The Applicant is to pay the Respondent’s costs fixed in the sum of $5,000.00.
| FEDERAL MAGISTRATES COURT OF AUSTRALIA AT SYDNEY |
SYG 3442 of 2004
| SZFCL |
Applicant
And
| MINISTER FOR IMMIGRATION & MULTICULTURAL & INDIGENOUS AFFAIRS |
Respondent
REASONS FOR JUDGMENT
This is an application for review of a decision of the Refugee Review Tribunal. The decision was made on 12 October 2004 and handed down on 4 November 2004. The Tribunal affirmed the decision of the delegate of the Respondent Minister not to grant a Protection Visa to the Applicant.
The Applicant is a citizen of Hong Kong. She arrived in Australia on 21 April 2004. On 27 May she lodged an application for a Protection Visa. A delegate of the Minister refused the application the following day.
The Applicant lodged an application for review of that decision on
30 June 2004. When she lodged her application the applicant provided a written statement in which she claimed that the political and economic system in Hong Kong had changed since 1997. She said that as a Falun Gong member she had been placed on the government's black list and she was worried about her safety, both in Hong Kong and in China itself.
The Applicant gave oral evidence to the Refugee Review Tribunal on
5 October 2004. On 12 October the Tribunal affirmed the decision of the delegate of the Minister not to grant a Protection Visa.
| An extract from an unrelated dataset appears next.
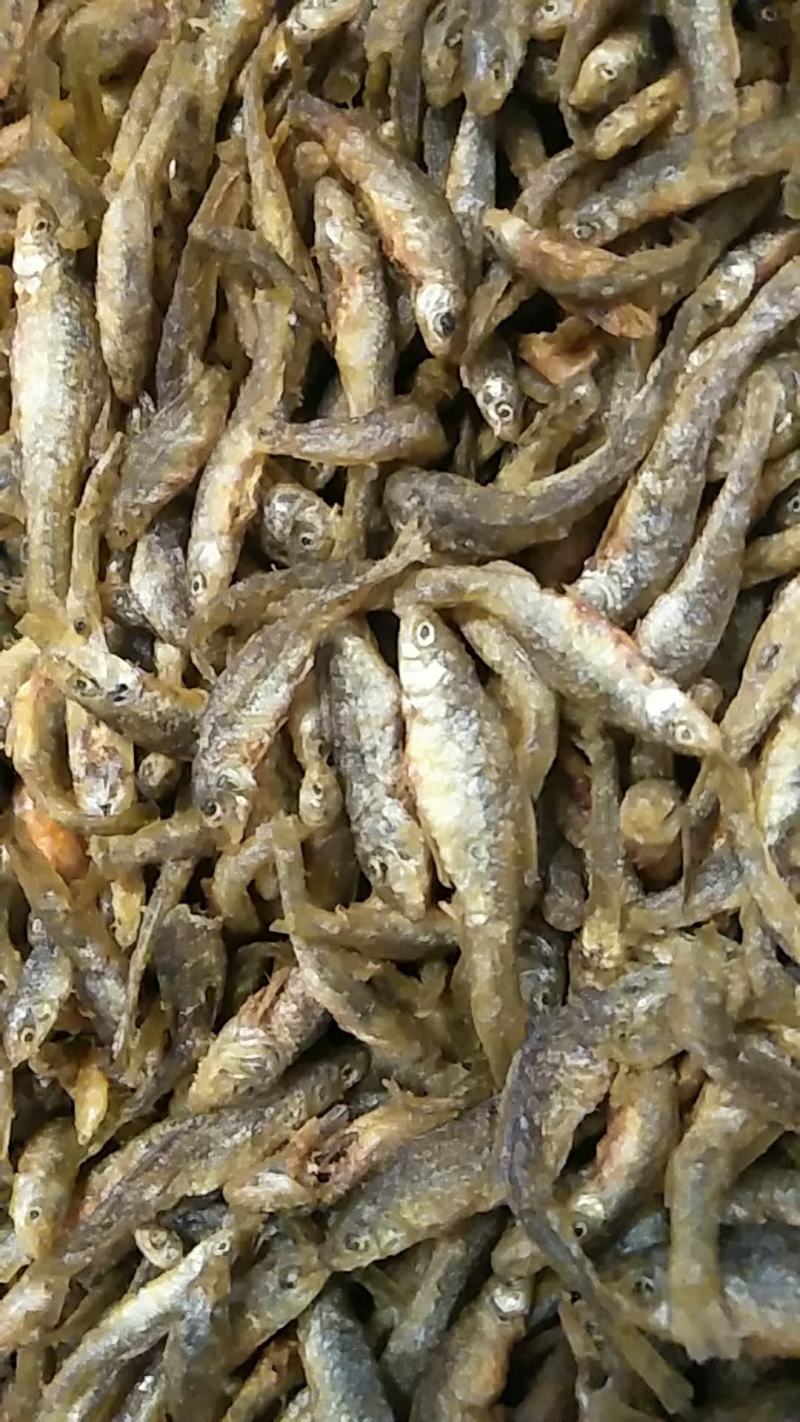 云南大理洱海麦穗鱼，不苦不咸，新鲜油炸麦穗鱼。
The Applicant claims that since 1997 the political system and economic system in Hong Kong have changed dramatically. She said that unemployment had increased sharply and she has not had a job for a long time. The Applicant also indicated that the people of Hong Kong cannot enjoy the freedom of political opinion and that the government of China puts a lot of pressure on the people of Hong Kong to influence their votes.
She claimed that when she arrived in Hong Kong from mainland China she often returned to China to participate in Falun Gong activities. As a Falun Gong member she was detained by the authorities and has been placed on a black list.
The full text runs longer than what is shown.